# WHAT NEEDS TO BE DONE
Stopping at the line that holds "HP 15-fc0651ds 15.6in", repeat the lines below exactly, starting from the very first and including that final line.

[PROVIDED DATA Boundary: Start]

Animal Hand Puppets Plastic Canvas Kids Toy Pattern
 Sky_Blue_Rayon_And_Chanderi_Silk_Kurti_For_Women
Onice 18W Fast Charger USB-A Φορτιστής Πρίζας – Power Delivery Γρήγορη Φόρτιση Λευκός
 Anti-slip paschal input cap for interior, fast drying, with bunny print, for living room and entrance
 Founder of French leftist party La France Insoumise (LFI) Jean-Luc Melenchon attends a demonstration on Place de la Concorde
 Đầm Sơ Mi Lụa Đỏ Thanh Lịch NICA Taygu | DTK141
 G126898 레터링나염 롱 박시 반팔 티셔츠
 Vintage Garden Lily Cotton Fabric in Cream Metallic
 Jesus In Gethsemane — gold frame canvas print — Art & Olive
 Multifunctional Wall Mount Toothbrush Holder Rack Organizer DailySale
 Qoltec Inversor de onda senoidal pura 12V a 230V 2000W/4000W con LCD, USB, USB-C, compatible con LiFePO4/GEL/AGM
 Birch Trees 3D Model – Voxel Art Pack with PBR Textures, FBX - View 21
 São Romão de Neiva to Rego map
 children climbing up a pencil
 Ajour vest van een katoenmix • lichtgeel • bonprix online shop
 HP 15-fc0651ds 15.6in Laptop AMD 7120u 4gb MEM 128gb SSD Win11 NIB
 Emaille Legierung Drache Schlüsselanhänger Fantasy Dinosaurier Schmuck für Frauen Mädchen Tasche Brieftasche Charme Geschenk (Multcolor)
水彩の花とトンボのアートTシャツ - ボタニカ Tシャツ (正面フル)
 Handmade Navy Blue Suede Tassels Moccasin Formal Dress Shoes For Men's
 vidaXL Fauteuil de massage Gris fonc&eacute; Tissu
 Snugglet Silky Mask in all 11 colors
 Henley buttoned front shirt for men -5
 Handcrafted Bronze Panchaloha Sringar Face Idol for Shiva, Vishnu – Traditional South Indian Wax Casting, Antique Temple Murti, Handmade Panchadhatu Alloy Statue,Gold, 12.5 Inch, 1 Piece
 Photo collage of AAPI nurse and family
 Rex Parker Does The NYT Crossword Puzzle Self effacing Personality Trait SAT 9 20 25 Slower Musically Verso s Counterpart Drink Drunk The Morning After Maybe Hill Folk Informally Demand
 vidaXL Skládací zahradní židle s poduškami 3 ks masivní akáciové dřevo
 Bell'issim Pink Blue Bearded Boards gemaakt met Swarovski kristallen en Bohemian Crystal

[PROVIDED DATA Boundary: End]

# RESPONSE AREA
Animal Hand Puppets Plastic Canvas Kids Toy Pattern
 Sky_Blue_Rayon_And_Chanderi_Silk_Kurti_For_Women
Onice 18W Fast Charger USB-A Φορτιστής Πρίζας – Power Delivery Γρήγορη Φόρτιση Λευκός
 Anti-slip paschal input cap for interior, fast drying, with bunny print, for living room and entrance
 Founder of French leftist party La France Insoumise (LFI) Jean-Luc Melenchon attends a demonstration on Place de la Concorde
 Đầm Sơ Mi Lụa Đỏ Thanh Lịch NICA Taygu | DTK141
 G126898 레터링나염 롱 박시 반팔 티셔츠
 Vintage Garden Lily Cotton Fabric in Cream Metallic
 Jesus In Gethsemane — gold frame canvas print — Art & Olive
 Multifunctional Wall Mount Toothbrush Holder Rack Organizer DailySale
 Qoltec Inversor de onda senoidal pura 12V a 230V 2000W/4000W con LCD, USB, USB-C, compatible con LiFePO4/GEL/AGM
 Birch Trees 3D Model – Voxel Art Pack with PBR Textures, FBX - View 21
 São Romão de Neiva to Rego map
 children climbing up a pencil
 Ajour vest van een katoenmix • lichtgeel • bonprix online shop
 HP 15-fc0651ds 15.6in Laptop AMD 7120u 4gb MEM 128gb SSD Win11 NIB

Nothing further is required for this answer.